Healthcare Staffing Outperforms Other Industry Segments
(Edited from Staffing Industry Analysts’ Daily News)
In April, healthcare staffing firms produced better revenue results than did other skill segments of the US staffing industry, according to Staffing Industry Analysts’ (SIA) May Pulse Survey.
“The May Pulse Survey measured revenue results for each of the four subsegments of healthcare staffing,” according to SIA’s June 9 announcement. While per diem nurse staffing indicated a six-percent, year-over-year decline, travel nurse firms reported median revenue growth of 10 percent, year over year, in April–most likely because of demand from COVID-19 hot spots and higher pay rates for such assignments. Locum tenens firms reported five-percent growth, while allied healthcare staffing firms reported flat, year-over-year revenue in April.
“While the May Pulse Survey sample size is not large enough to perfectly reflect the healthcare staffing industry, it does at least directionally suggest that healthcare staffing is doing better than industrial staffing (down 32 percent year over year), office/clerical staffing (down 25 percent) and IT staffing (down 4 percent),” SIA reported.
Regarding billing rates, “a net 60 percent of both travel nurse and per diem nurse staffing firms reported an increasing trend…over the past three months,” according to SIA. “This same metric was 39 percent for allied healthcare staffing firms and a negative 11 percent for locum tenens firms, potentially signaling some softness in bill rates for temporary physicians.”
Healthcare Recruiters Increase Recruiting Activity
June 22 — The Medicus Firm suggests the healthcare job market is leveling off, based on an increase in recruiting activity, along with fewer position closures.
The firm conducted two separate surveys of its 13,000-contact, proprietary database to learn how healthcare employers are recruiting providers in a job market impacted by COVID-19. Between April and May, 43 percent of healthcare employers recruited or increased recruiting, while the same number of open positions remained for 59 percent of those employers.
Medicus’ proprietary database represents physician groups, clinics, and hospitals and healthcare systems.
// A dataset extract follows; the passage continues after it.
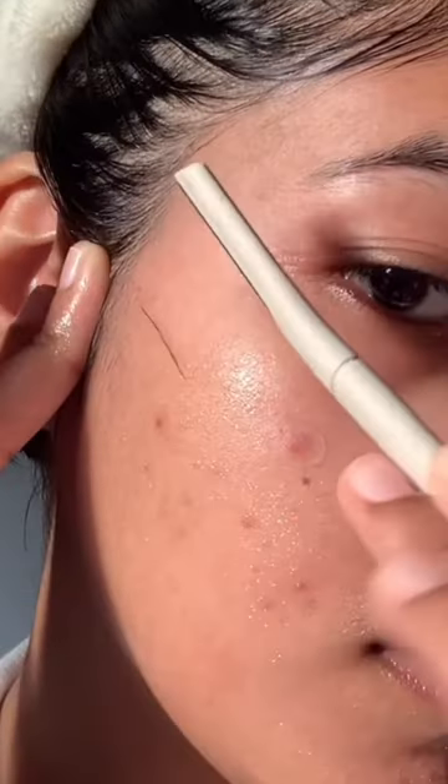You want to apply something next — using an essence, facial oil, or even moisturizer as a layer over your skin to help the razor glide easily. And now we can start shaving.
The firm’s second survey asked the same questions as the first, plus two additional questions.
Other healthcare employer insights from the surveys:
- 22-percent increase in the number of employers conducting onsite interviews between Medicus’ first and second surveys.
- 43 percent of employers said they either hadn’t stopped, or had already increased, recruiting activities.
- 59 percent of employers indicated “no change” in the number of open positions over the 30-day period.
- Locum tenens utilization decreased by 22 percent in each of the survey periods. The number of organizations not using locum tenens providers increased by four percent between the two surveys.
- 56 percent of employers performing elective procedures saw at least half of their volume return between April and May.
- Hospitalist was the specialty declining most in demand over the survey periods.
“Physician needs increase as patient volumes ramp up rapidly for some healthcare organizations,” Medicus CEO Steve Look said. “Since COVID-19 the greatest demands continue to be in primary care, neurology and critical care/pulmonary positions.
A total of 449 responses were collected from the two surveys. The first survey ran from April 21 to April 27 with a total of 238 responses. The second ran from May 28 to June 4, with a total of 211 responses.